Wellman has written on American poetry (Pound, Williams, Olson, Creeley), as well as world poetry. Drawn to praise the use of hybrid forms, he has just completed a series of articles for The Companion to Twentieth Century World Poets and Poetry. Selected criticism:

 

  • "Field Poetics," "Blaise Cendrars," "The Prose of the Trans-Siberian Railroad and the Little Joan of France" (Cendrars), "Yvan Goll," "Dream Grass" (Goll), "Jean Sans Terre" (Goll), and other articles forthcoming in Companion to Twentieth Century World Poets and Poetry, ed. R. Victoria Arana (New York: Facts on File, 2006).
  • "Emergent Subjectivity and the Transgressive Text," Bridges Across Chasms: Towards a Transcultural Future in Caribbean Literature, ed. by Bénédicte Ledent. Liège: L3 -- Liège Language Literature, 2004.
  • "The Maximus Poems [of Charles Olson]" in Companion to 20th-Century American Poetry (New York: Facts on File, Inc.), ed. Burt Kimmelman. 2005.
  • "Cultural Cannibalism" in Assembling Alternatives: Essays on/against reading postmodern poetries transnationally Ed. Romana Huk. Middleton: Wesleyan U P, 2003, released Fall 2004.
  • "A Complex Realism: Reading Spring and All as Seminal for Postmodern Poetry" in William Carlos Williams and the Language of Poetry, Burton Hatlen and Demetres Tryphonopoulos, Editors, Orono: National Poetry Foundation. 2004.

 

Wellman writes, concerning his practice, “In both my poetry and my prose, I engage a field poetics, using tropes like margin, frame or overlay to explore the ways in which cross-cultural contact and different modes of  liminality produce meaning. My current practice is deeply influenced by my readings in anthropology and art history. What I am doing has been, in several respects, enabled by Olson’s Mayan Letters

 

Concerning Wellman’s Fields, Robert Creeley wrote: I am fascinated by the persistent formal invention of the attack, the attempt to locate and thus make hold a thing, things, in mind. Don Wellman’s brilliant variousness is complex of the world’s. He has done his singular work with dedicated mind and heart—it is a very solid book and should make a useful splash.

 

John Perlman speaks to the interrogative overflows of address.... the text(s): provisional, polyvalent, expansive, contractile, transgressive, reciprocal ... ranging, arranging of the active multiplicitous  possibles, the quick of things and un-things. “Poet” itself linked to “investigator.”

 

Cynthia Hogue asserts that Wellman cannily resists a myth-making (mystifying) defamiliarization of the everyday concrete by materializing "the familiar" in and of language.  The transformations Wellman's poems achieve are linguistic, verbal, oral: Not myth / mouth.

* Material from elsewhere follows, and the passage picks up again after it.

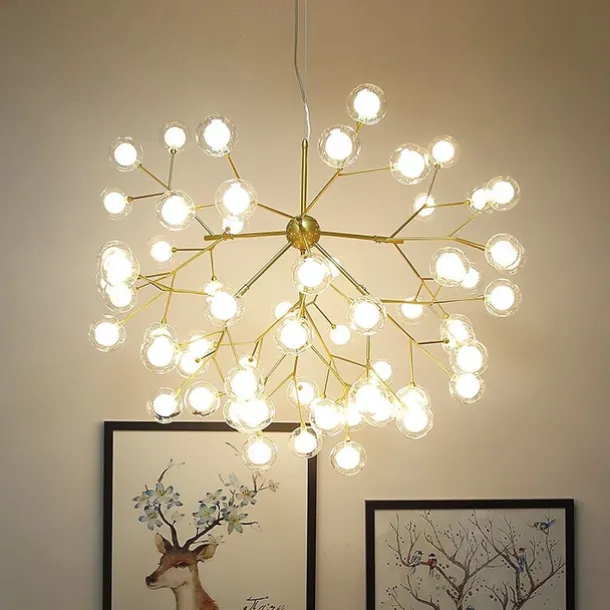 80 cm Sputnik Design Chandelier Metal Mini Painted Finishes Modern Nordic Style Generic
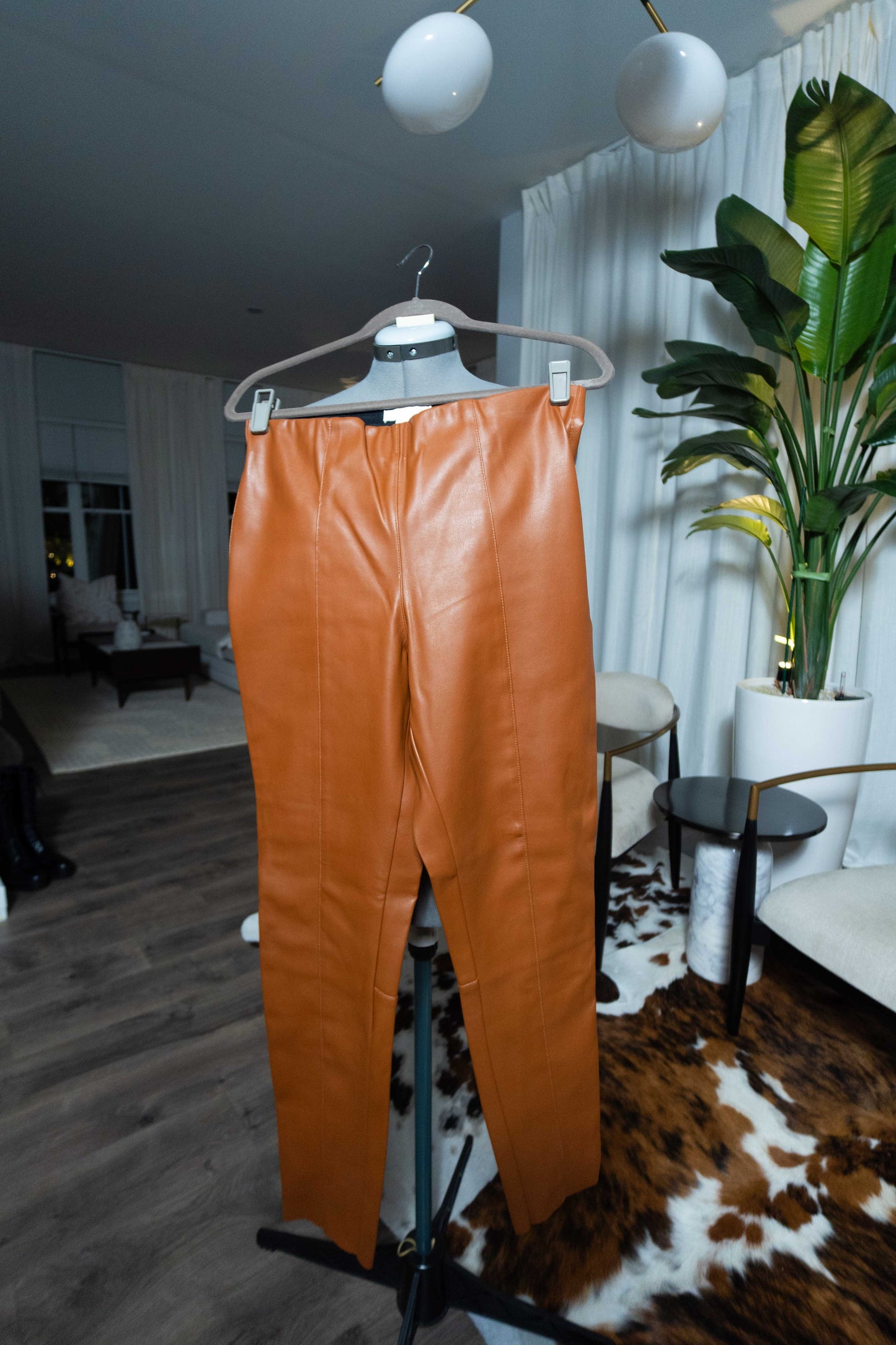 H&M Faux Leather Leggings/Pants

One thing (image) becomes another; words mutate--throughout this collection--into other words.  Sometimes the verbal shifts result, oddly and even unpredictably, in an erupting awareness of the

materiality of language's form.

 

On The House in the Fields (Room 1992), Nico Vassilakis has written Wellman's work is concise. His images evoke a crisp awareness. Here we have 21 poems, each flawless, forming a chain of thought.  ...  Tangent thought becomes the spearhead of intention--the ruminations of an observed periphery makes this read a challenging construction of poetic staring.